### Instructions for the task
Below are entries. Copy exactly the lines running from the line that holds "First we can" to the line that holds "configuration menu.", with both ends included.

### Records for this exercise
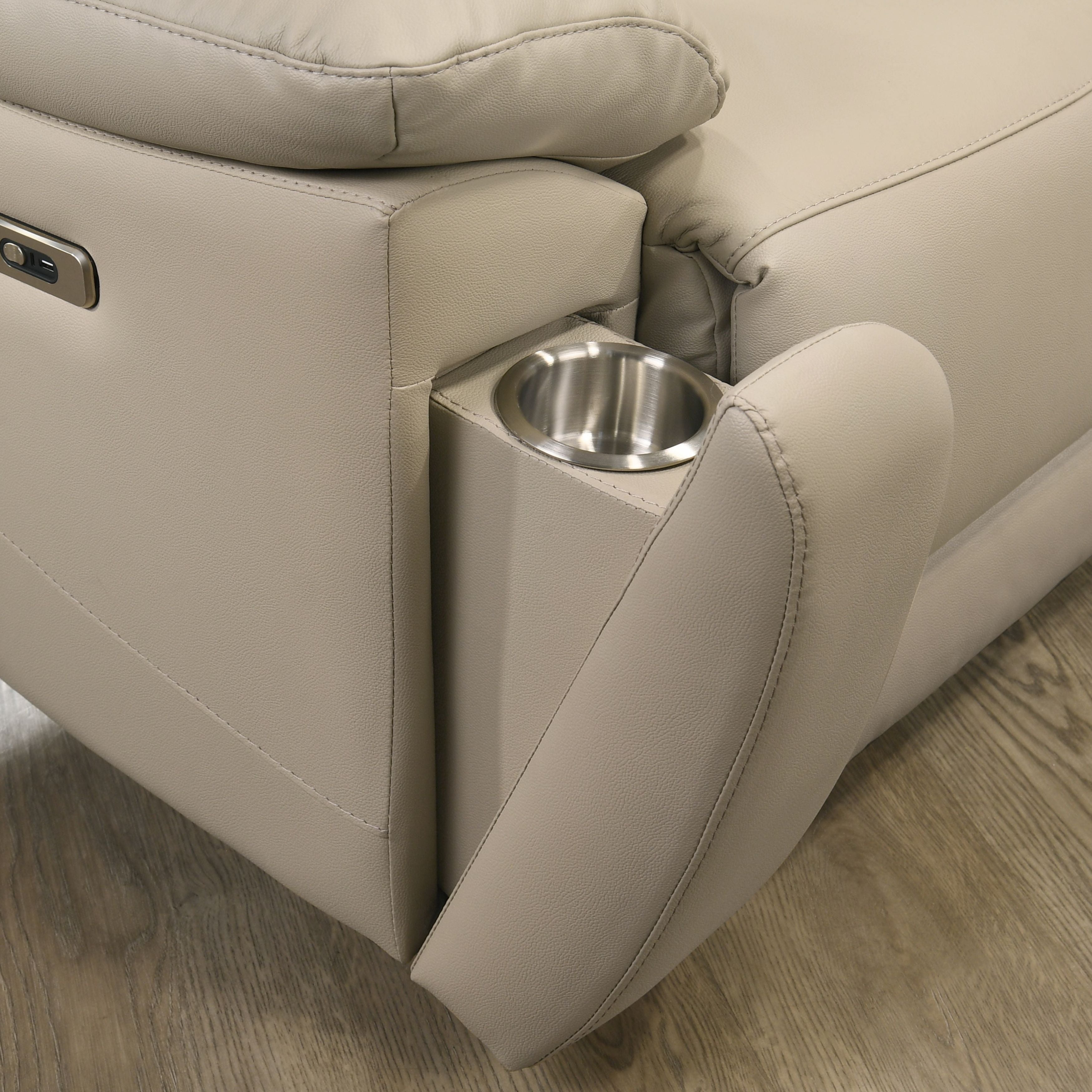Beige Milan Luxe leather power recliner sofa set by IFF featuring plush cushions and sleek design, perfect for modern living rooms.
...
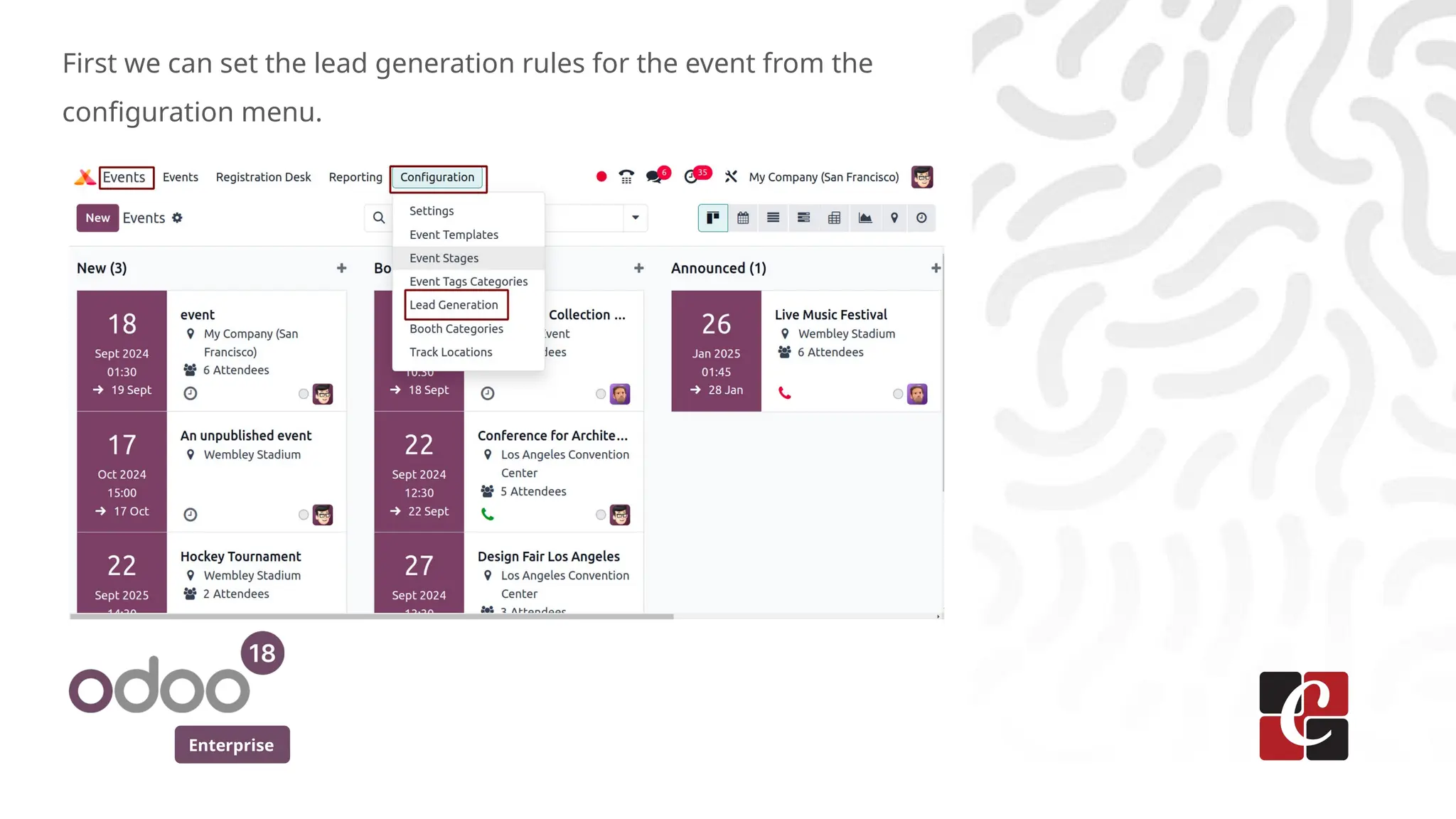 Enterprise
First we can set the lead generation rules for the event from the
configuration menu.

### Written response
First we can set the lead generation rules for the event from the
configuration menu.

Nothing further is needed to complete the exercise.